C’est pire qu’un apartheid sexuel. C’est l’une des plus grandes ignominies depuis les génocides des siècles derniers. On pourrait qualifier les talibans de « génocidaires de genre ». Les Afghanes ne sont plus traitées comme des êtres humains, mais réduites à une sorte de condition animale. Rien ne leur reste, sinon le devoir de faire des enfants et de nourrir leurs maîtres. Ce sont des ombres silencieuses, abandonnées de tous.
Que devrait faire la communauté internationale ?
Toutes les grandes organisations internationales – l’ONU, l’OMS, la Cour européenne des droits de l’homme et toutes les autres – ainsi que les associations d’aide aux victimes doivent ensemble déclencher un scandale international sans précédent. Détourner le regard de ce crime atroce nous sera reproché à tous dans quelque temps, et on ne pourra pas dire : « Je ne savais pas. » On n’a jamais vu une telle attaque des femmes en temps de paix et un tel silence des féministes.
Certains avaient parlé de « talibans inclusifs » lors de la prise de Kaboul en août 2021.
Je ne sais pas qui a inventé cette formule, mais elle devait bien arranger les Américains qui ont fui comme des voleurs. Je serais étonnée que les talibans connaissent même la signification du mot inclusion, si à la mode en Occident.
Cette indifférence est-elle une capitulation ?
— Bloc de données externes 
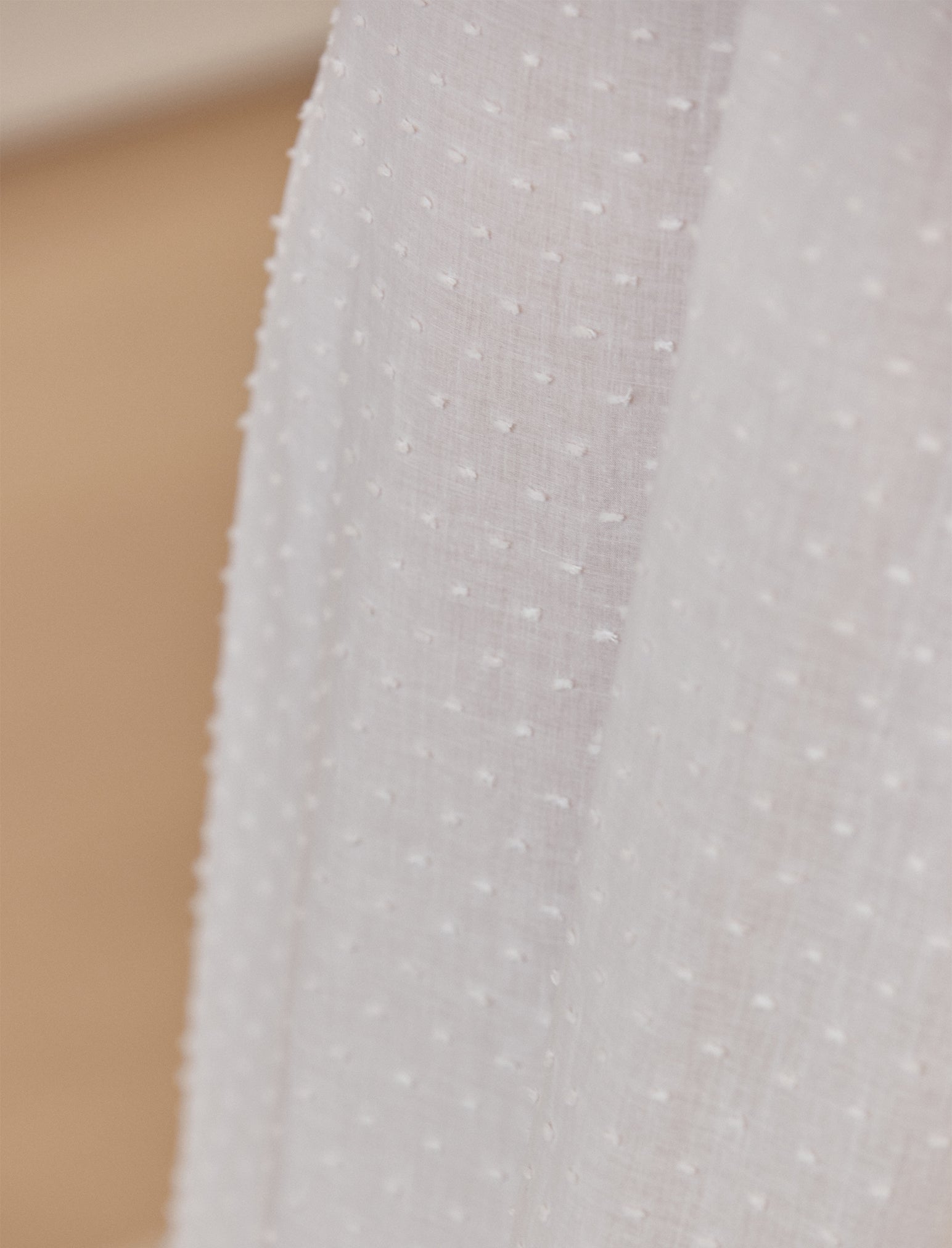 Swiss Dot Lace Front Maxi Nightie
Le sort des Afghanes et des Iraniennes n’intéresse que très peu de monde. On se contente de déplorer leur condition et on passe à autre chose, comme si ces pays étaient destinés à rester sous la botte des talibans et des mollahs pour l’éternité. Or, si les Iraniennes ont toujours eu accès au savoir, je n’oublie pas qu’après la dernière guerre mondiale l’université de Kaboul ouvrait ses portes aux femmes. J’ai encore en tête la photo d’étudiantes habillées à la mode occidentale, posant en souriant au photographe. Le désintérêt des Occidentaux pour elles n’est pas une capitulation, c’est tout simplement l’application à l’international du principe individualiste qui régit dorénavant notre vie, à savoir le « moi d’abord » et le « nous d’abord ». Ce qui est vrai pour les femmes afghanes l’est aussi à l’égard de l’Ukraine.